Saturday, June 2, 2007

Eat it, Cleveland-haters!

The Cleveland Cavaliers just beat the Detroit Pistons and are on their way to the NBA Finals. I, and many, many other Cleveland natives and expatriates have risen up and are riding high. Sure, it's just a game, but it is a victory for our city, and we have needed one badly.

During the past 30 years, Cleveland has gotten a bad rap from punks and pundits throughout the country. They laugh about our river catching on fire. They giggle about our rotten weather and lack of cheap-thrills for tourists. And they downright guffaw about our moribund sports franchises, which have swung between "close but no cigar" and "dead as a doornail" since 1964.

Well, to all these laughing hyenas, these, as Agnew put it, "nattering nabobs of negativity," I say "eat it!" I would say worse, but the pathetic and petty political propriety police might poop their pants. So, again I say, "eat it!" The success of LeBron James and the Cavaliers stands out as simply the latest reminder that Cleveland does indeed rock.

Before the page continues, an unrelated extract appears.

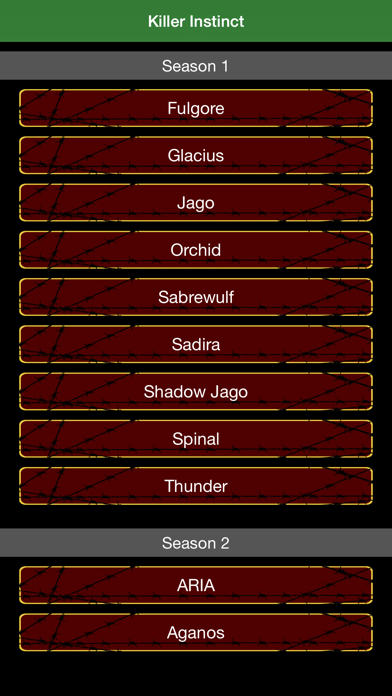 Capturas de tela do Mini Guide for Killer Instinct Edition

In this vein, I some food for thought for brain-starved Cleveland bashers:

- Please, please, please get over the river catching on fire, the "Mistake on the Lake" and other such cliche Cleveland insults. First of all, the Cuyahaga river caught on fire in the 1969. That is almost two generations span of time ago. Secondly, cleaning efforts have brought both the river and Lake Erie to a higher state of cleanliness than many city waterways can boast. Let's see the keepers of the East River, Boston Harbor, and Chesapeake Bay match that improvement.

- Take a closer look at Cleveland, and, if your head is truly out of your posterior, you will see that, like the Tranformers and Magic Eye posters, it has a lot more to it than meets the eye. Consider the following abridged list of attractive qualities: friendly people, nice parks, low cost of living, thriving arts scene, world class orchestra, traffic sanity, reasonable pace of life, diverse culture, great restaurants, and fine universities. All of these things, and more, contribute to a quality of life that is above the petty bashing of numbskull naysayers, most of whom have never been to the Cleveland area.

- Finally, all of you Cleveland haters need to take a good look in the mirror and ask yourselves if YOUR hometowns are that much better. Do you have a right to look down on Cleveland when your own houses are not in perfect order? Consider a sampling of other types of urban areas: northeast cities are crammed with rude people who are too much in a hurry to do anything except continue to live in the past, when their region actually mattered; cities of the Sunbelt are crowded with crabby sunburned fossils, freakish right-wing evangelicals, and gun-toting, NASCAR-watching homers; and West Coast towns teem with self-centered, self-righteous New Age posers. Are these places really that much of a step above Cleveland in terms of quality of life? Hardly.

So again, Cleveland-bashers, I urge you to get over yourselves, and eat it. Face it, the only reason you hate Cleveland is because it does not conform to the consumptive, materialistic, me-first values of American society.

And that is precisely why Cleveland rocks.